Caldo Verde

I’d like to start off today’s lesson by recalling a short conversation that recently happened between my parents and myself.  They were about to go on a trip to the wonderful country of Portugal, and I decided to ask them what kind of Portuguese dishes they were looking forward to eating the most.  They paused, and answered, “No clue, we don’t know anything about Portuguese cuisine”. “You don’t know!?” I replied “I mean there’s the classics, like, like…..” at which point I also paused, and realized that I too, had no clue about Portuguese cuisine.  I mean sure, I knew that Portuguese cuisine was similar to many other Mediterranean cuisines in that they include a lot of olive, grape, and fish ingredients.  But as far as the cuisine itself, all I really knew was that they made linguica sausage. And that is a shame because Portuguese cuisine is incredibly deep, and rich, yet unfortunately it has been greatly underappreciated by many of us, especially me.  And with that humbling realization, I set out to right that wrong, and do as much research into Portuguese cuisine as I could.

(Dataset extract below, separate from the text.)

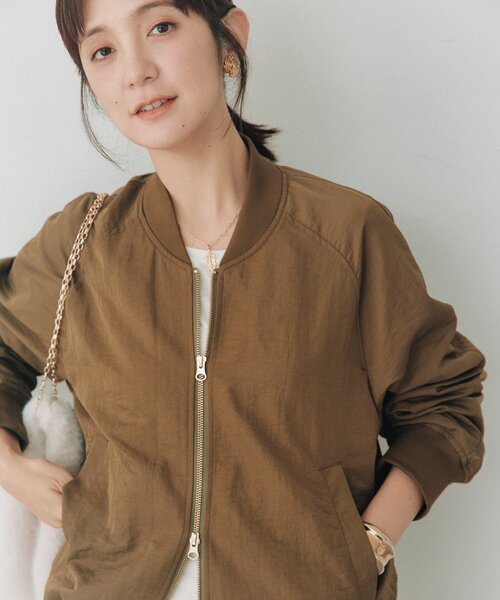 RIVE DROITE(リヴドロワ)の「ドロストMA-1(秋服/冬服)(MA-1・レディース・カーキ/ベージュ・FREE)」の4枚目の写真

I learned about a number of Portuguese staples such as piri piri sauce (which I was already familiar with, but had no clue was Portuguese), feijoada, and bacalhau, but the one dish that really stood out to me the most was caldo verde.  For those of you who are unfamiliar with the dish, it translates as “green broth” and is a soup/stew that is mainly composed of potatoes, sausage, and greens, hence the name green broth.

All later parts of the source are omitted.